Moving Beyond Plain Vanilla Voice
More than a year ago PhoneGnome CEO David Beckmeyer posed the question Where are the Voice 2.0 developers? We're still waiting for the answer, says FierceVoIP editor Doug Mohney in his post, Pulver's Purple Prophesies--And Fallout Thereof, charting VoIP's journey from industry-disrupting new technology to plain vanilla status quo.
If you've been around the VoIP space any length of time you've heard plenty about the uber-cool applications that digital voice was going to bring us. Well, we have mobile personal ads from Jangl -- wait, didn't Jangl go under a few weeks ago?
Let's face it, whether you call it rich voice or Voice 2.0, the pickings are slim. Talk about the impossible dream. Searching Google News on "rich voice VoIP" yields three hits. One is about fax-over-VoIP and the other two are about the same services for public safety agencies. Not exactly paradigm-shifting.
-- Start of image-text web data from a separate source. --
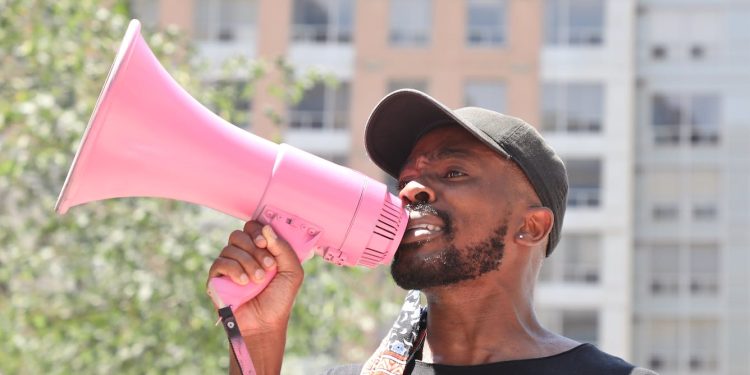 Being the ‘just one’ at work and the many years lengthy struggle in opposition to anti-Black racism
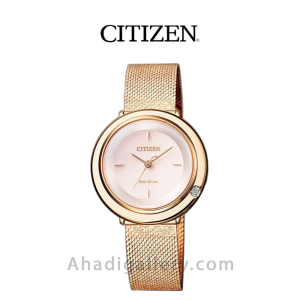 ساعت مچی سیتیزن مدل EM0643-84X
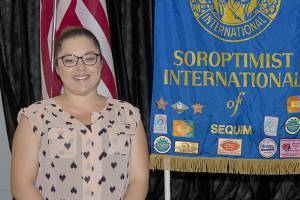 Milestone: Soroptimist group picks Gleason for vocational award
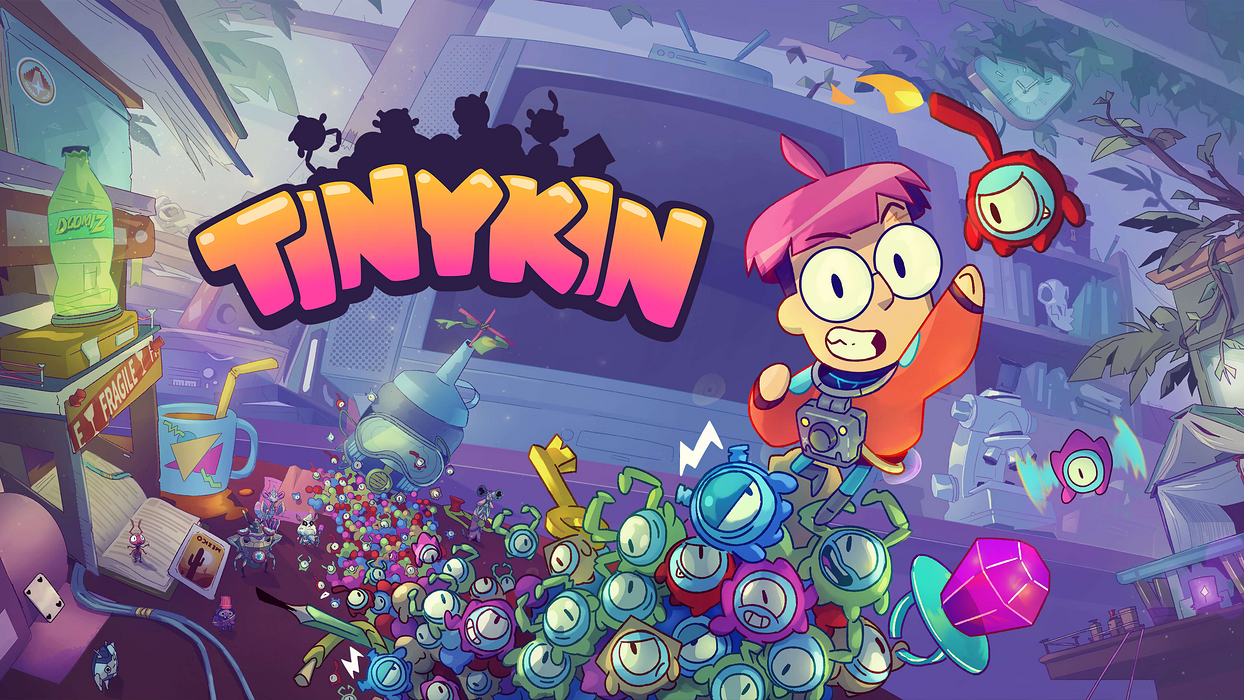 Tinykin  للبيع في ألإمارات من خلال Games2all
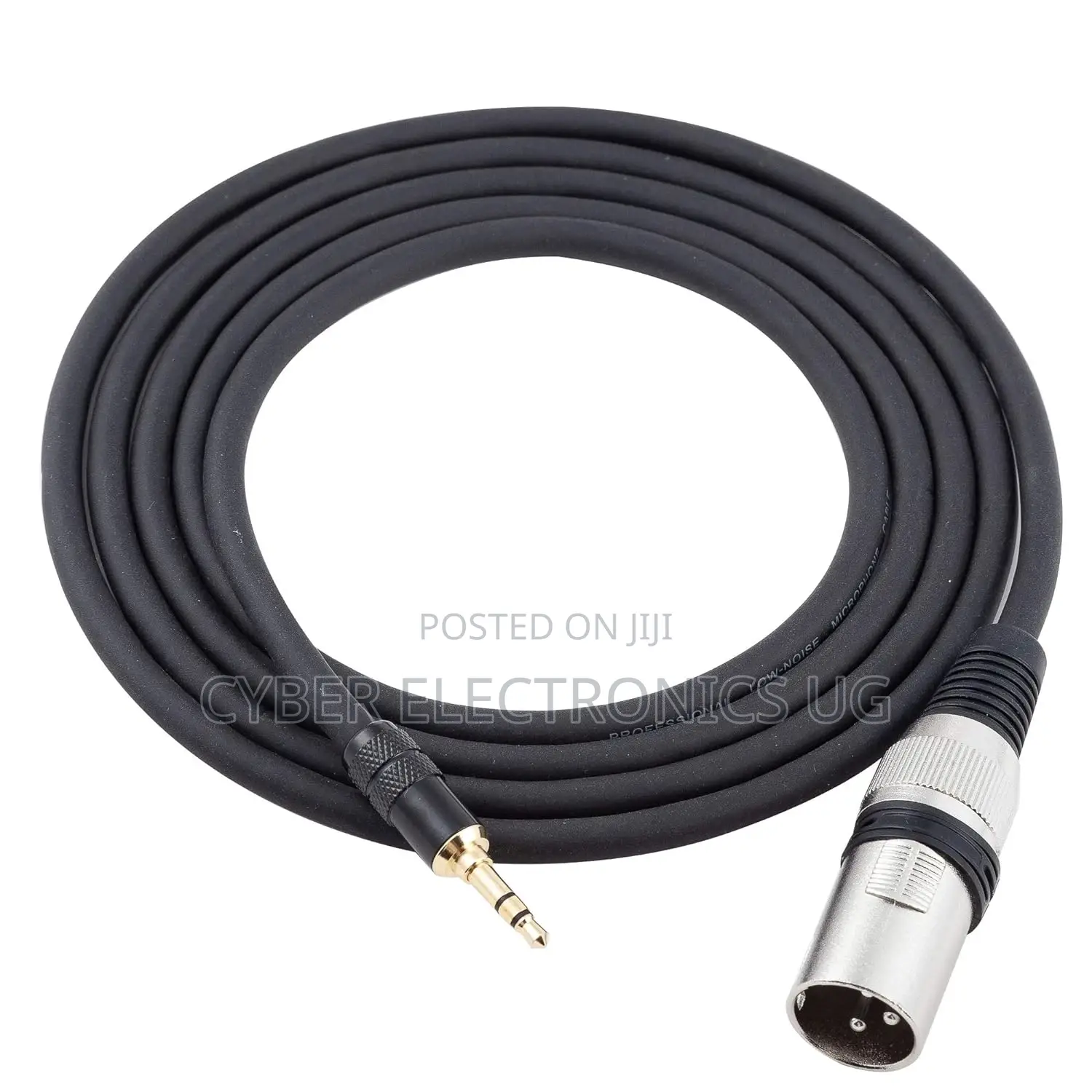 XLR to Mini, Ancable 6ft(1.83m) XLR Male to 3.5mm (1/8 Inch)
A decade later the VoIP industry has barely scratched the surface on the opportunity presented by turning phone calls into data. The last VON show in San Jose was all about new variations on the century-old theme of making and delivering phone calls. Like one more Baskin Robbins flavor -- it's still just ice cream. A new Skype handset is still...a handset.
Instead of making more ice cream maybe we should think about making something new -- using the flexibility that VoIP opens up for making business operations smarter, more efficient, and more effective.
For example, add a short IVR to capture information like address or account number to route calls to the nearest office, look up account information or schedule a service call. Or think outside the phone call envelope altogether, as PEAK Technologies has done in its voice-based supply chain applications.
Just as we no longer write separate applications to update customer name in the accounts receivable and customer order systems, it's time to stop silo-ing voice in something called the "phone system." But that's not going to come from the VoIP industry -- it's still too busy making cheap phone calls.